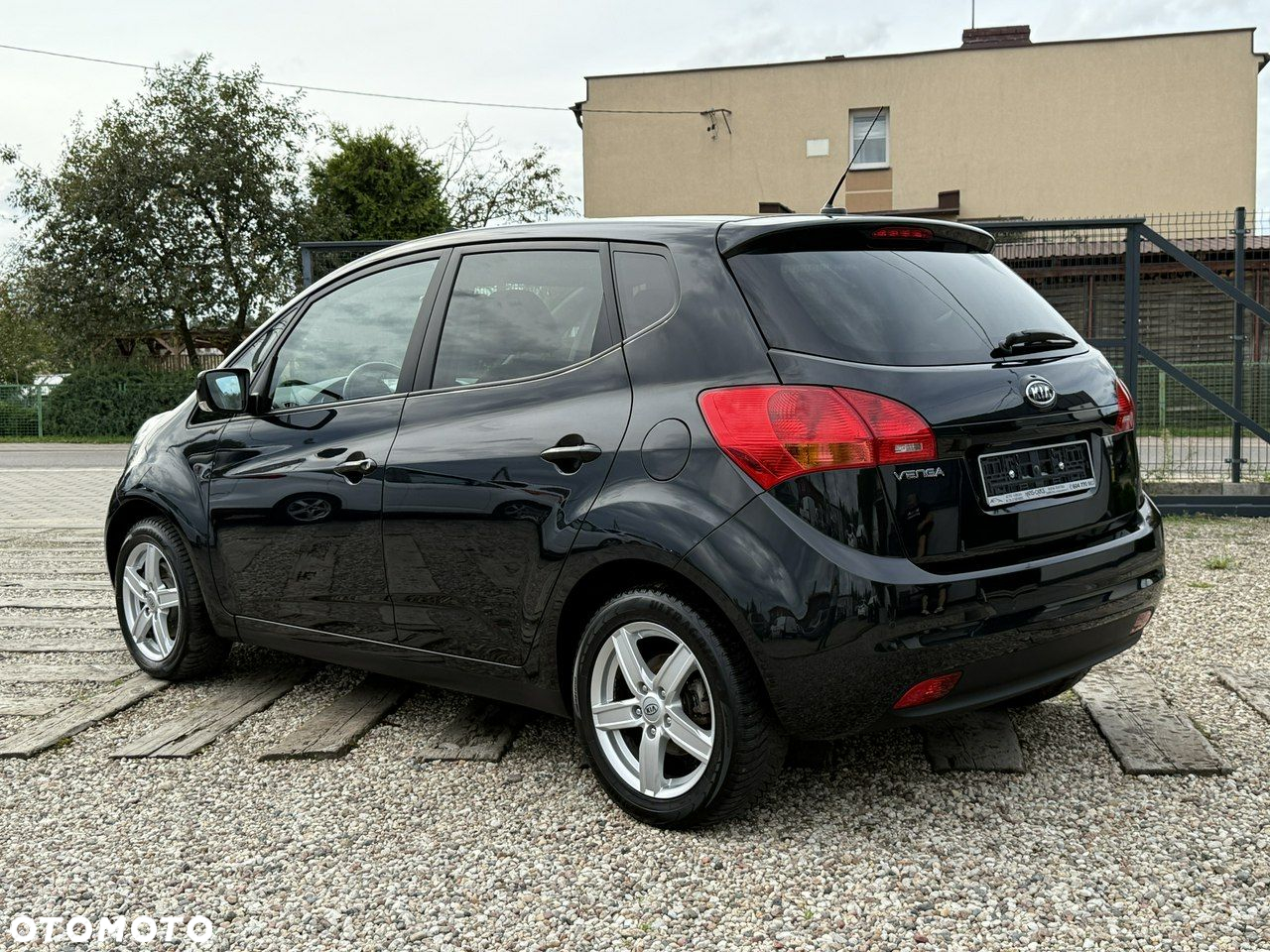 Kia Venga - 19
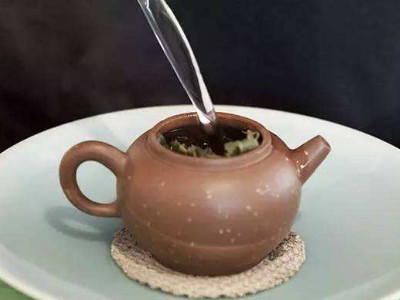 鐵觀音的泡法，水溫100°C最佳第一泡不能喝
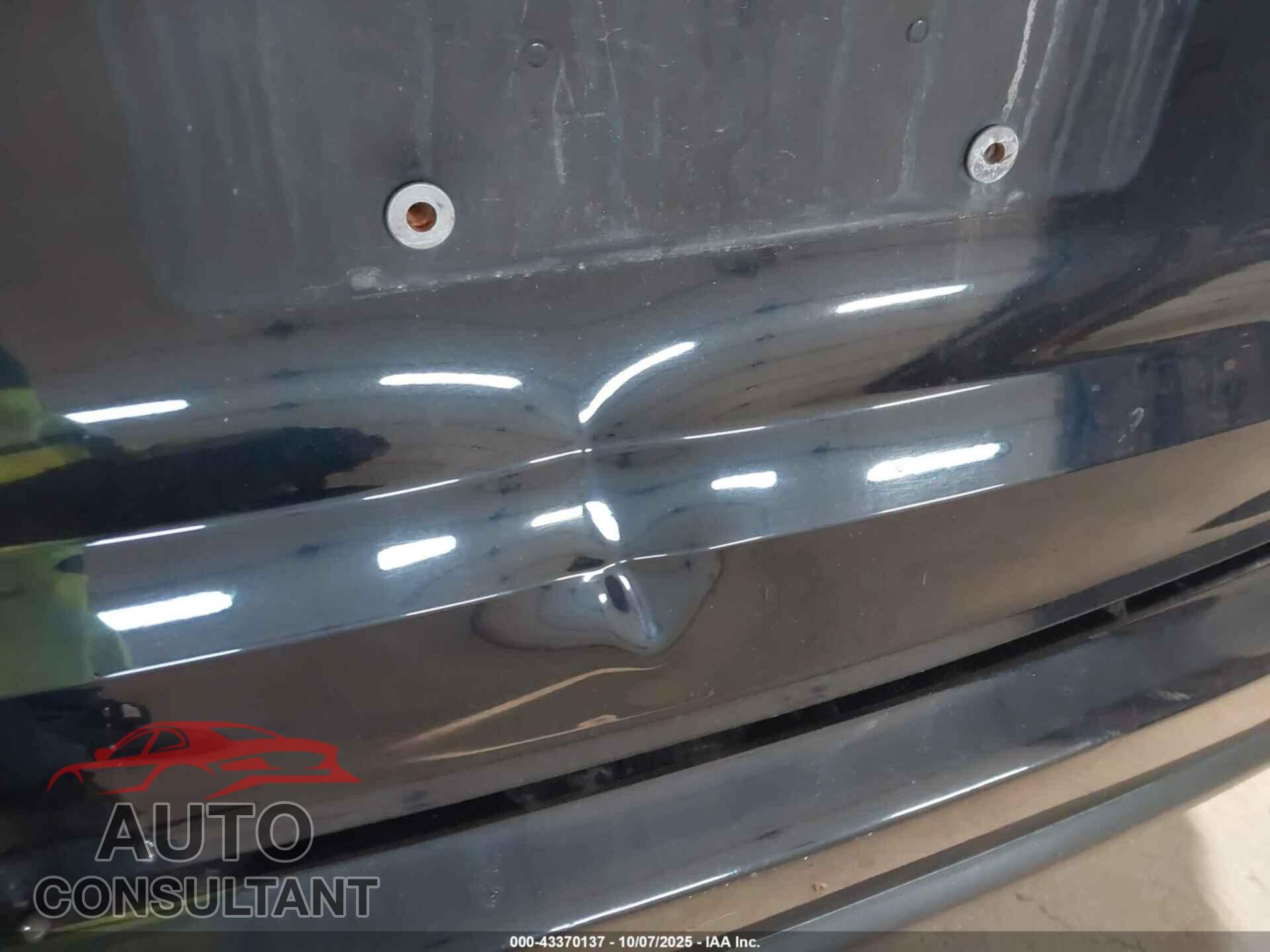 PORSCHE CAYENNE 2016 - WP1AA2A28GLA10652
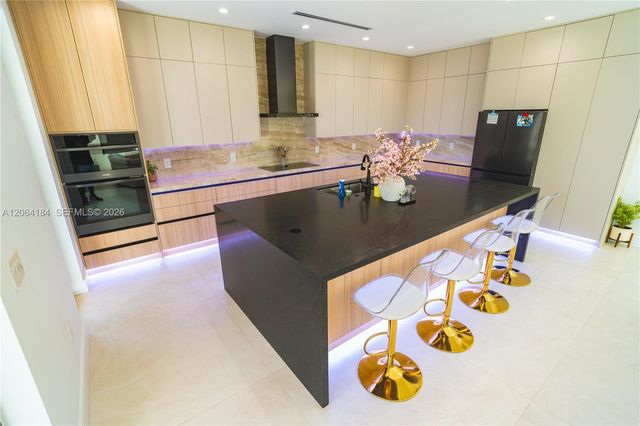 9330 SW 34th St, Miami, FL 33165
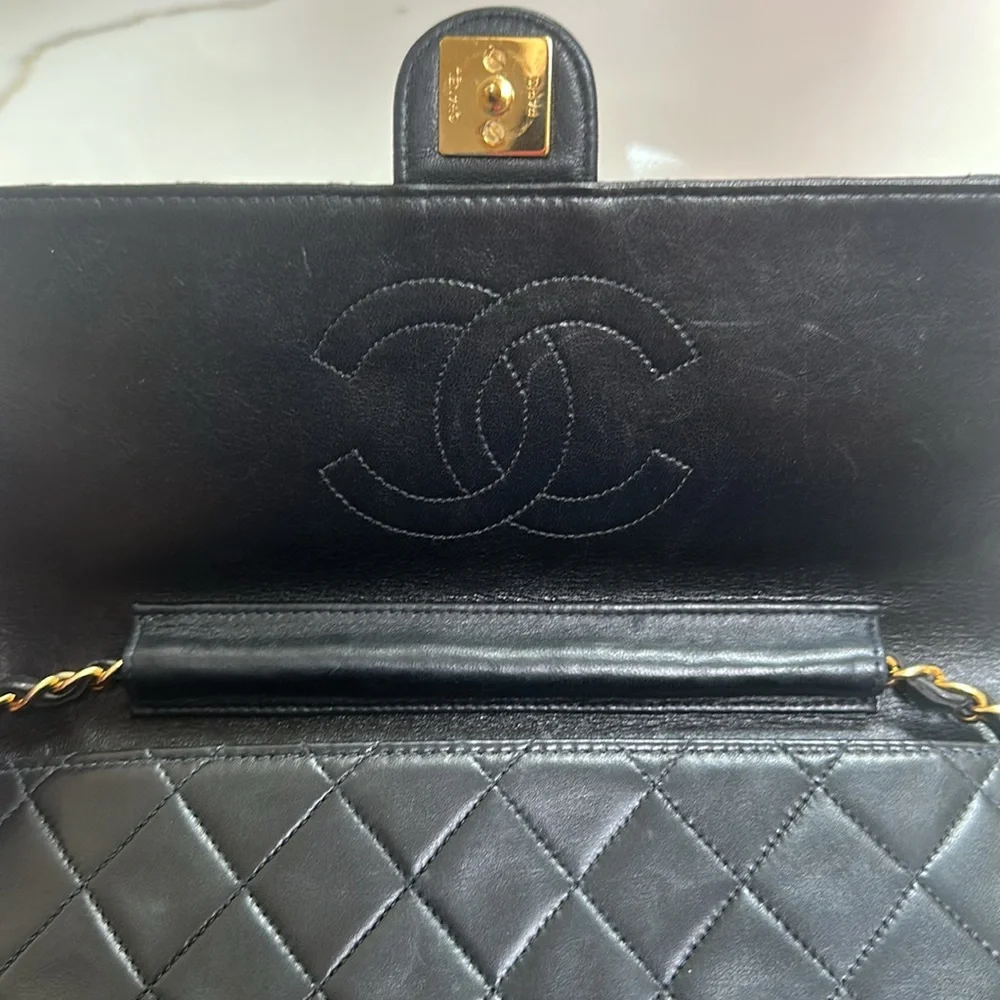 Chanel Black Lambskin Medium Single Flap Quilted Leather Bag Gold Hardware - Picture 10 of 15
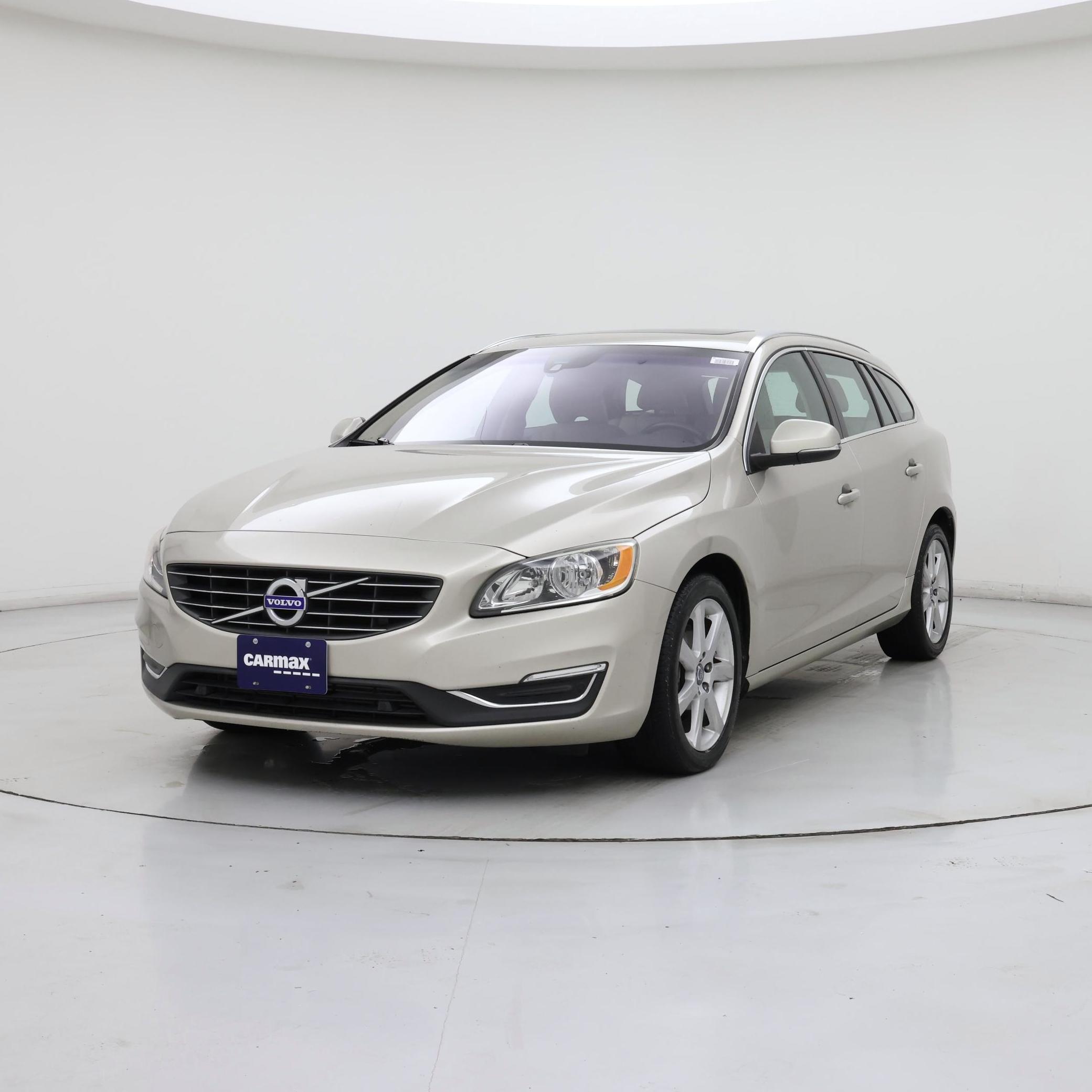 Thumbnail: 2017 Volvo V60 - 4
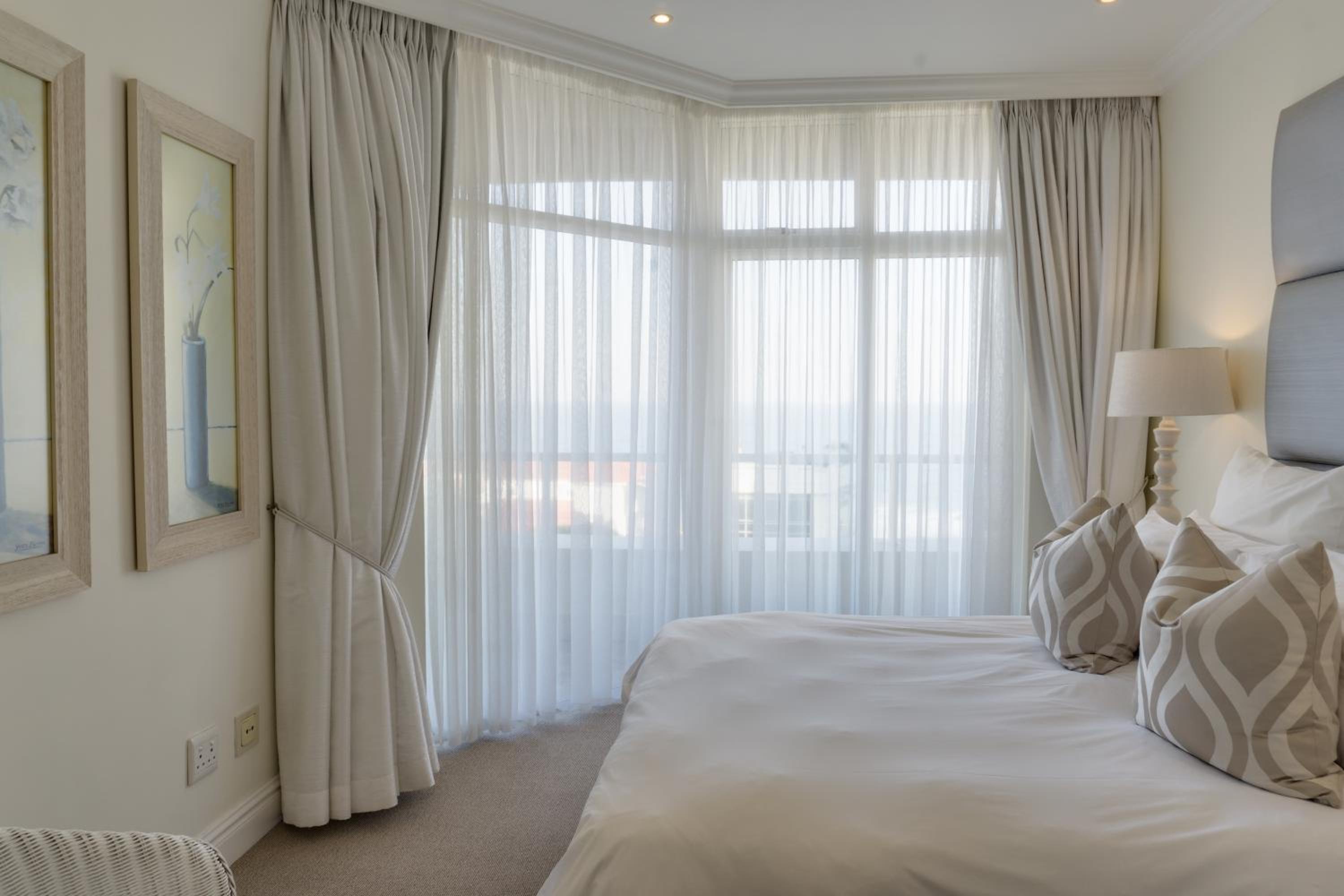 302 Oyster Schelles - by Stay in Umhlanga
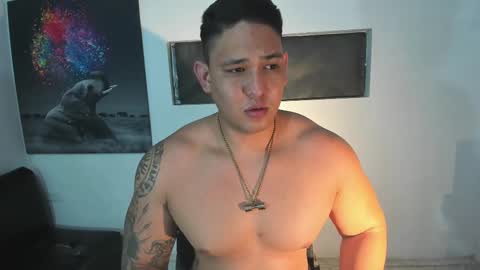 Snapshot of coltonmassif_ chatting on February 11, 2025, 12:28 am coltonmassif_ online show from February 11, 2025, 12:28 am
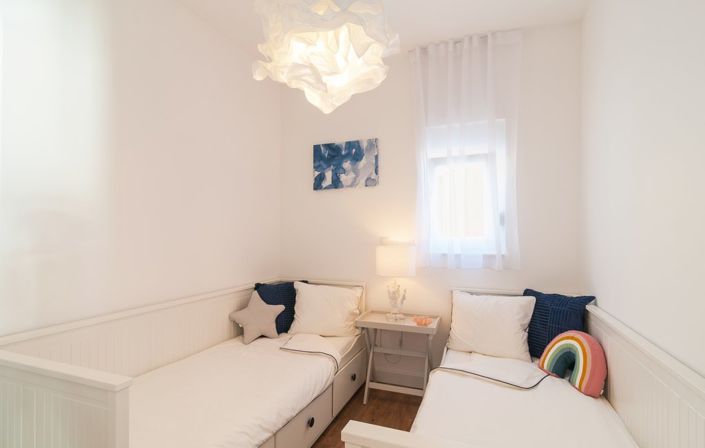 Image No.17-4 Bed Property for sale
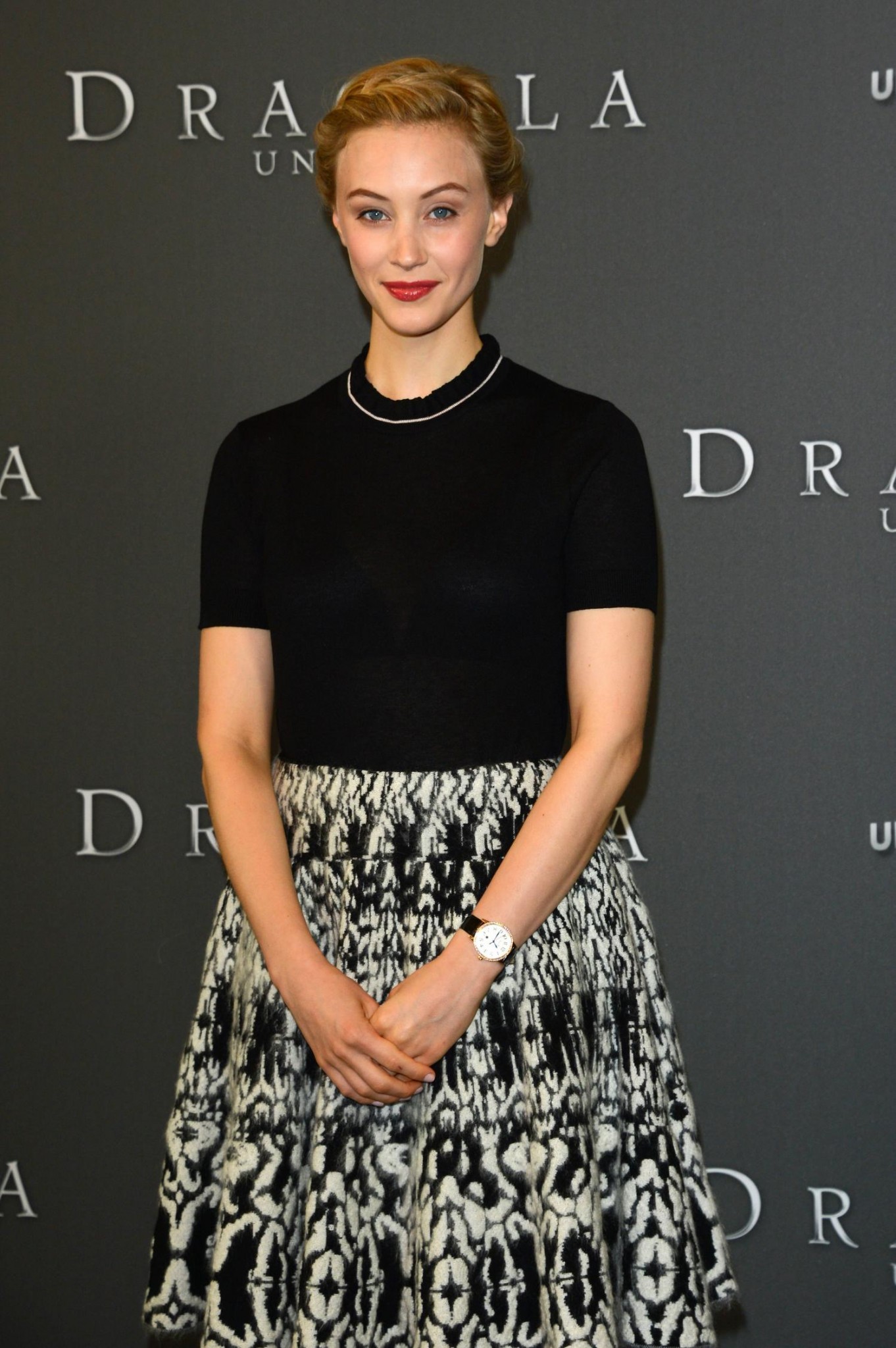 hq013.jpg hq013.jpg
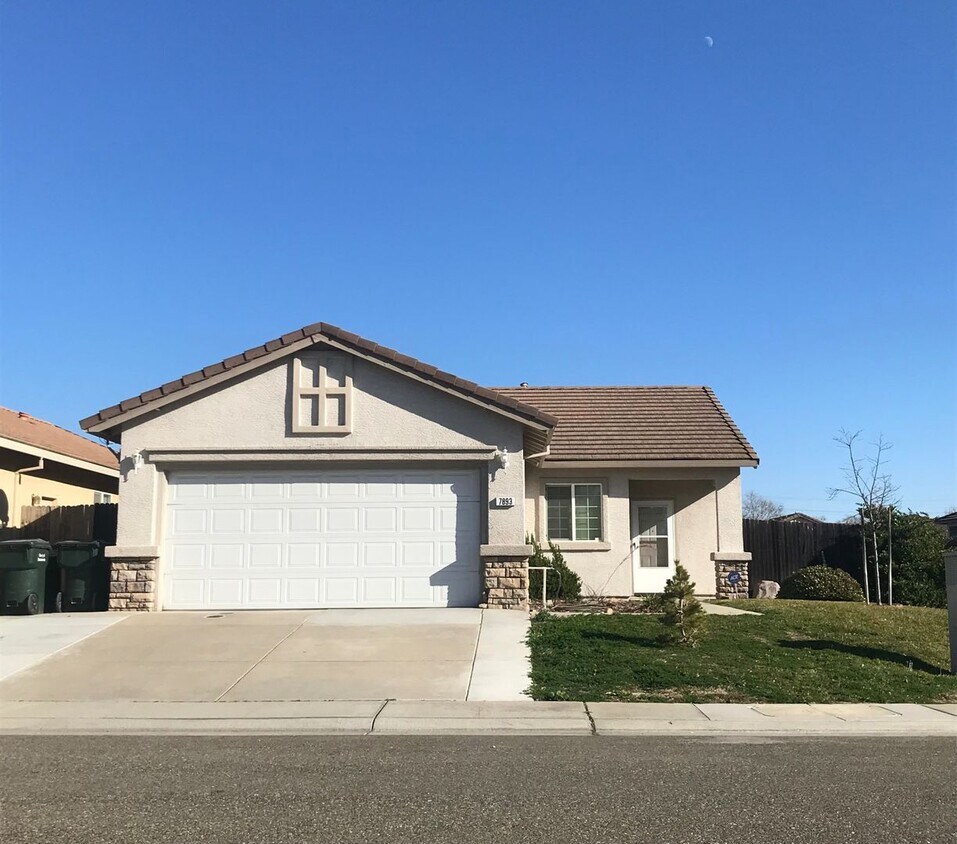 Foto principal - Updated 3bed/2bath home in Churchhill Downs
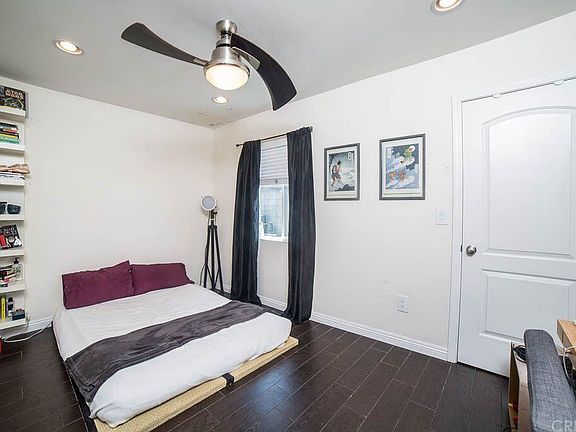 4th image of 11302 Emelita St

*****

* _EXERCISE DIRECTIONS_
Begin at the line containing "Foto principal - Updated" and stop at the final line of the data. Retype those lines exactly, without the pictures.

* _RESPONSE TO THE TASK_
 Foto principal - Updated 3bed/2bath home in Churchhill Downs
 4th image of 11302 Emelita St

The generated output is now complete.